Tractability and neglectedness
The naive analysis for tractability and neglectedness seems to hold if we are assessing the cost-effectiveness of donations. If the conclusion of the analysis is limited to that it would be better to donate to AMF than to humanitarian aid for Gaza, then yes, I think that makes a lot of sense. However, for a situation like this one money for donations might not be the most valuable resource. What seems to be most in demand is that we use our political power as citizens to push our governments to work for a ceasefire.
For such a case, it seems to me like tractability and neglectedness are much more intertwined than when we speak about donations, and I am not sure it makes complete sense to analyze them separately. Of course this situation is not as neglected as the ongoing war crimes in Burkina Faso. Does this mean that we should rather go to protests against those other war crimes and post about them instead on social media? I don’t think that sounds convincing. For this case (and probably many other political type problems) the tractability appears to depend directly on the attention the matter is attracting. Achieving a ceasefire for Gaza could be a much more tractable cause because it is not neglected. This is different from the type of problems where one more donation can always save one more life—here it seems to be more about reaching some kind of tipping point.
Additionally, if we consider the long term consequences on international relations and societal values, this point in time might even be unusually tractable—a window of opportunity where major actors have not yet fully committed one way or the other, and there is a global movement pushing for a ceasefire that has momentum. Preventing further escalation at the point we are now may be a lot more tractable than addressing the situation at some later stage (something like the concept of plasticity outlined in What We Owe The Future?).
Not everything is a tradeoff between causes
An important aspect for my reasoning is also that this does not appear to be a clear case of prioritization between different important causes, as it is when I donate money or choose a career direction. It seems like there are plenty of pretty straightforward ways to support the existing ceasefire movement without subtracting much from my other work. In terms of cost-effectiveness, I think we could make a pretty good case for contributing in low-effort ways such as signing petitions organized by reputable organizations, writing an email to the politicians that represent us, sharing some reports from reliable sources on social media or (on the slightly more time-consuming side) attending a protest that someone else organized. I would not expect this to be the most important contribution I could make for a better world during my lifetime, but it does look like a pretty low-hanging fruit for contributing to something very important at a low cost.
I would be very interested in hearing how other people reason both about the current crisis specifically and how you think about engaging with political movements (especially on a non-professional, citizen-level) more generally.

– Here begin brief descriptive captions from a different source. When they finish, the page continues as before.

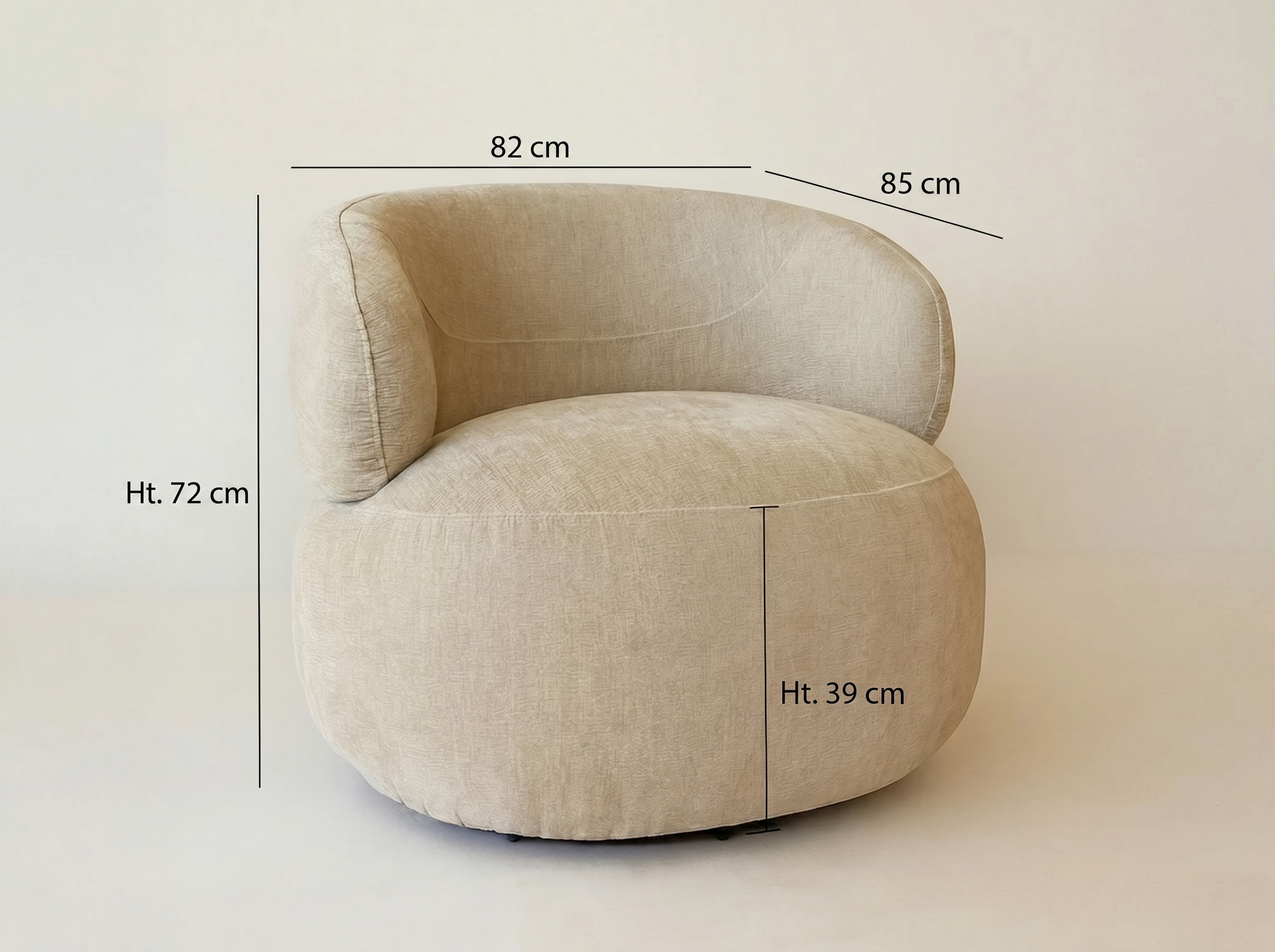 Fauteuil Arrondi Pivotant En Velours Texturé Beige - GLOVE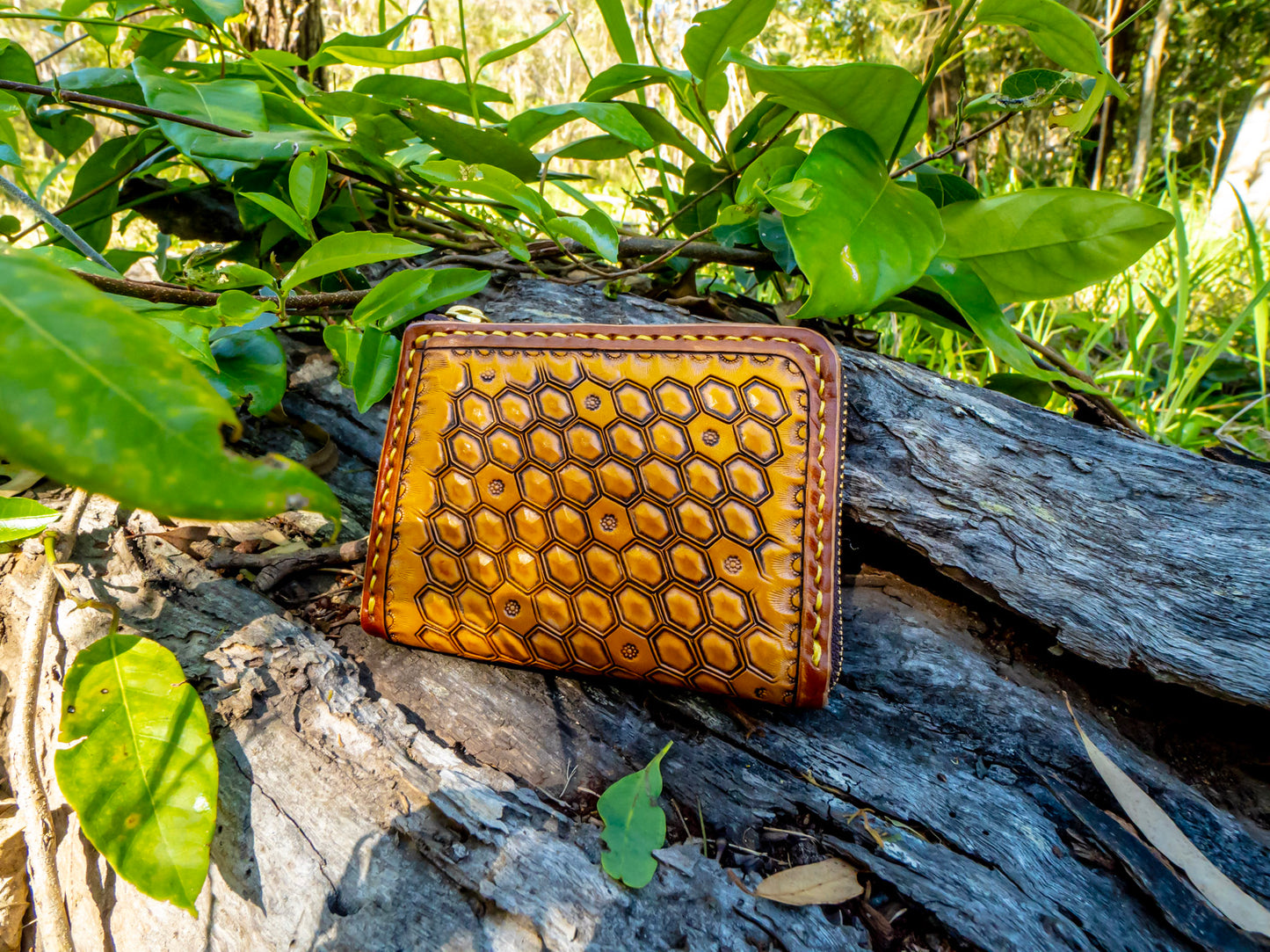 "Bee Hive Summer" Nature inspired leather zip wallet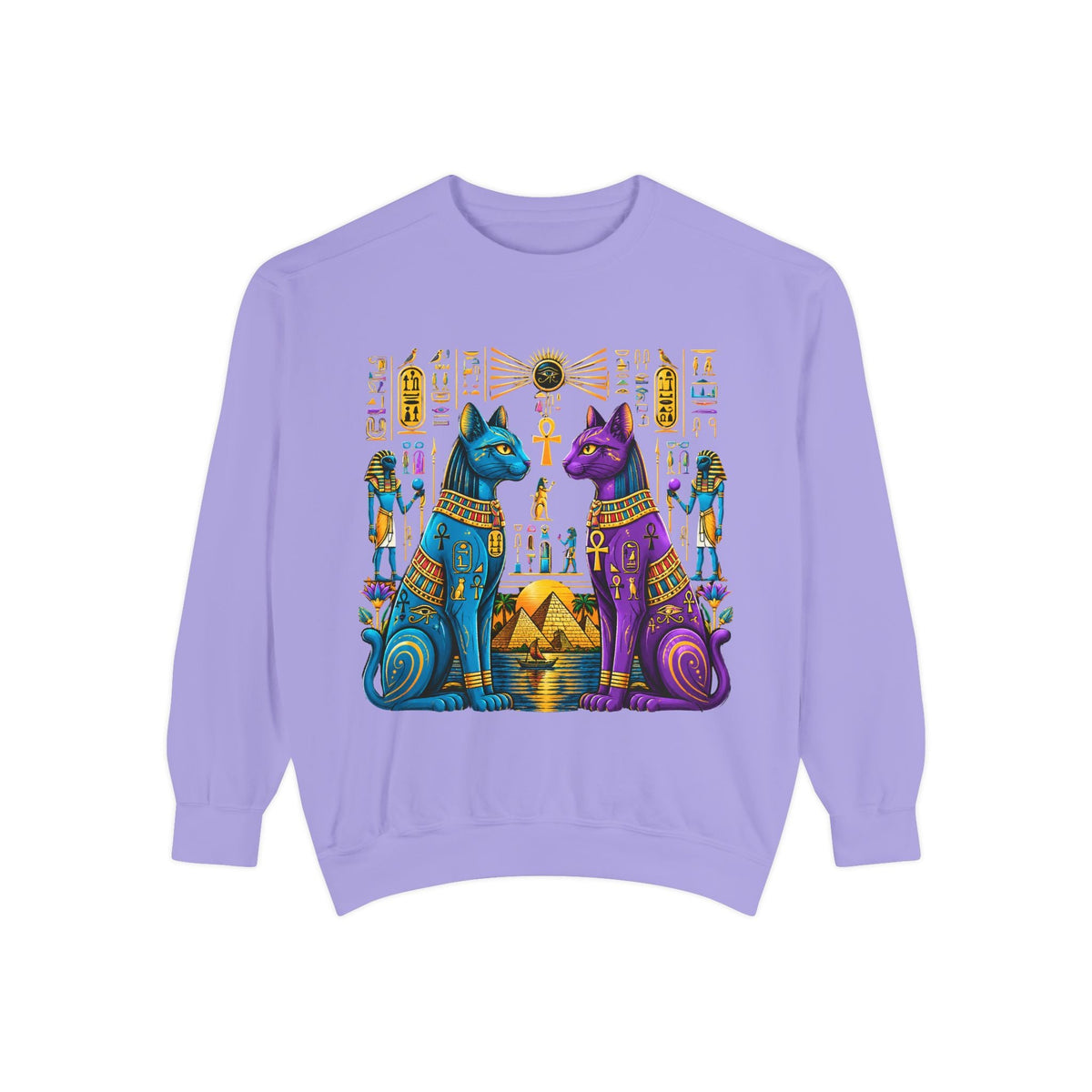 Egyptian Cat Sweatshirt — Colorful Bastet Graphic Pullover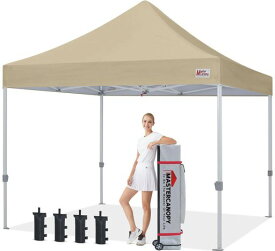 マスターキャノピー(MASTERCANOPY)タープテントワンタッチ3M商用アウトドア用三段階調節スチールフレーム耐水UVカット(キャスターバッグペグロープウェイトバッグ付き)(ベージュ)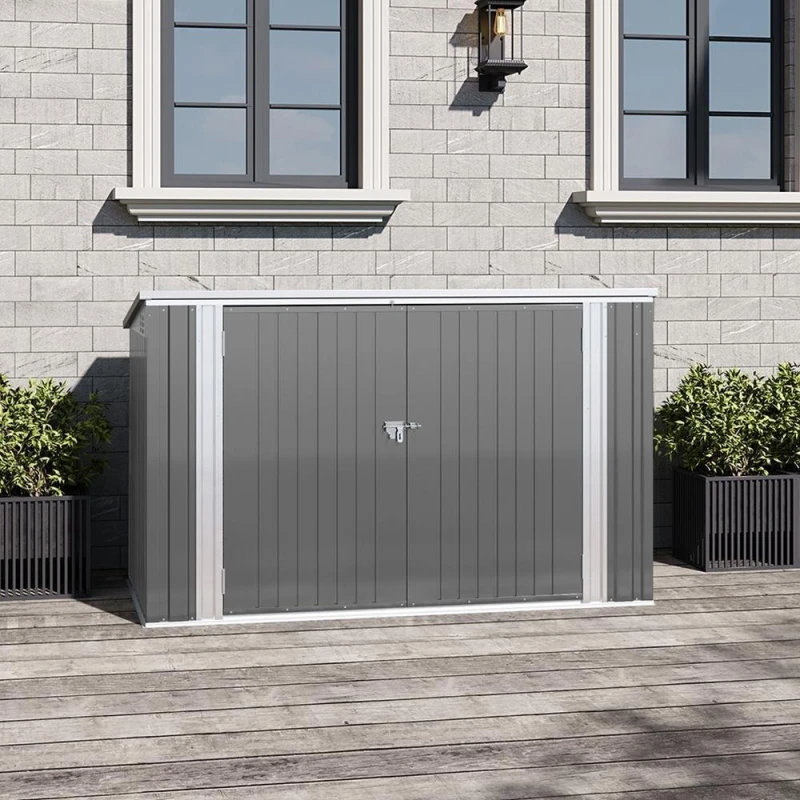Image of Breeins Outdoor 7x3fts Metal Bike Storage Shed Grey Grey L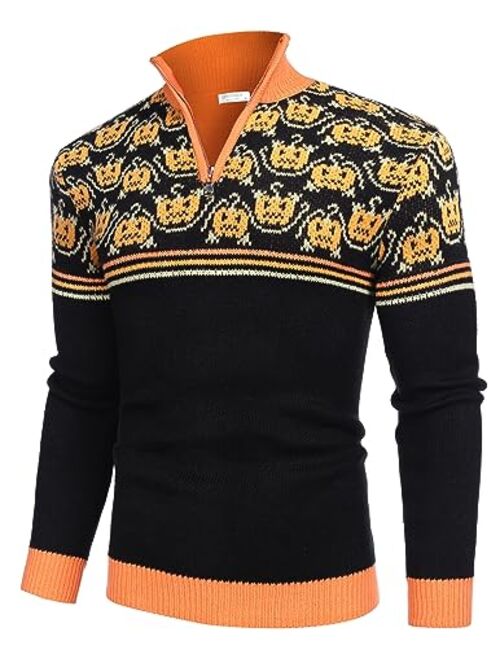 COOFANDY Men's Quarter Zip Pullover Sweater Casual Zip Up Polo Sweater Knit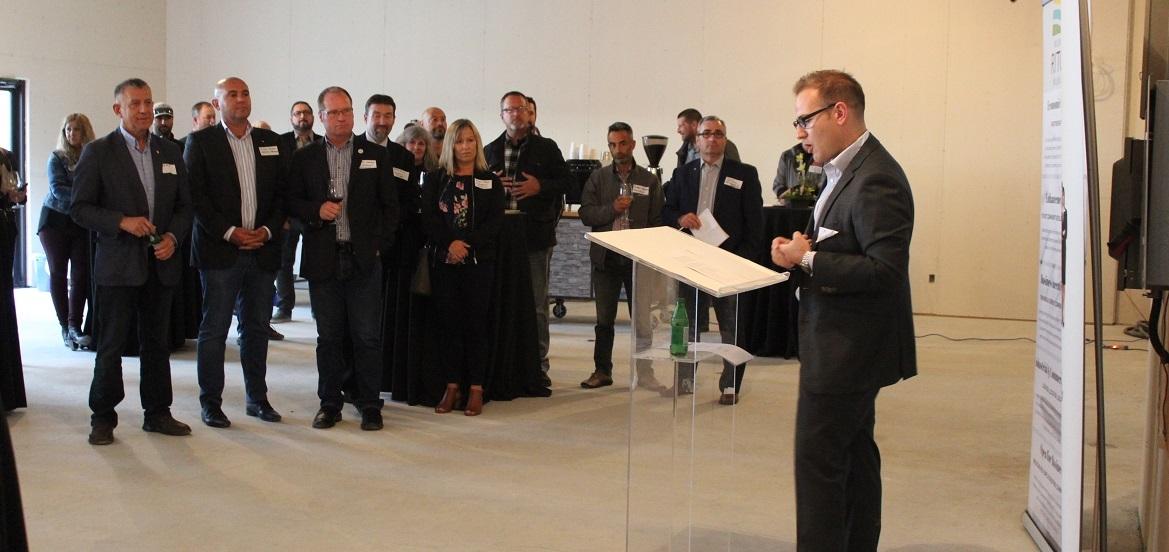 Ritchot Mayor Chris Ewen addresses business owners, prospective investors, and residents of Ritchot.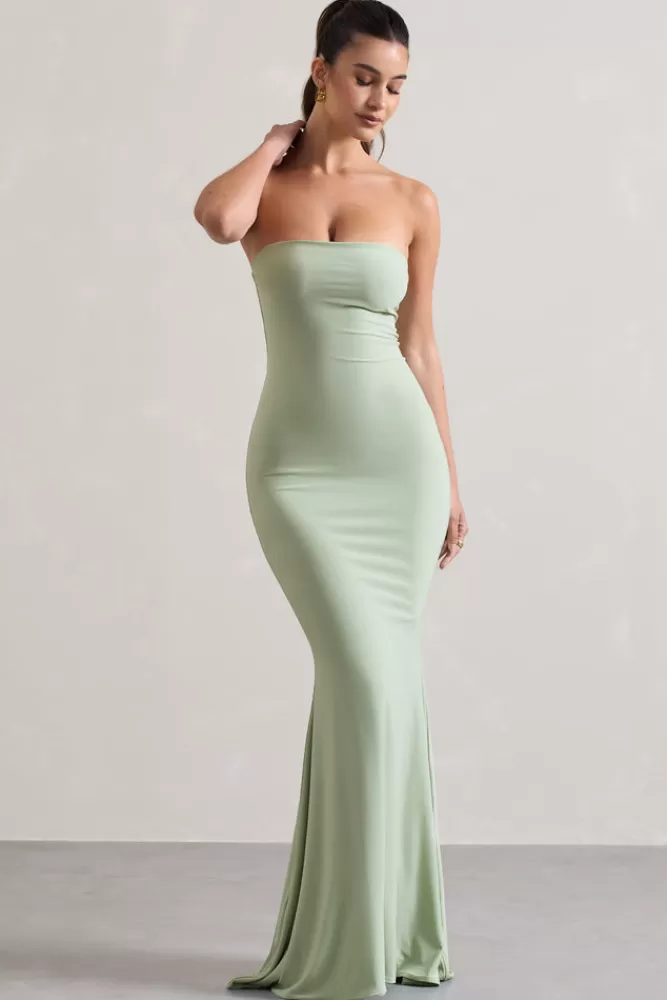 Abito Maxi Elegante Verde Pistacchio Chiaro con Scollo Bandeau e Linea a Codera - Promo Lampo per Eventi Speciali by Club L London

Large amounts of humanitarian aid has already been dedicated to Gaza, but very little of this is able to enter as the territory is under blockade.
I don’t know if I should expect some people here to find advocacy for a ceasefire controversial—to me it seems pretty straightforward, and while I do not have deep knowledge of this conflict I am fine deferring in this case to the unanimous judgment of bodies such as Amnesty, MSF, the Elders and a majority of the UN. But much of my point is anyway more general than just for this specific case.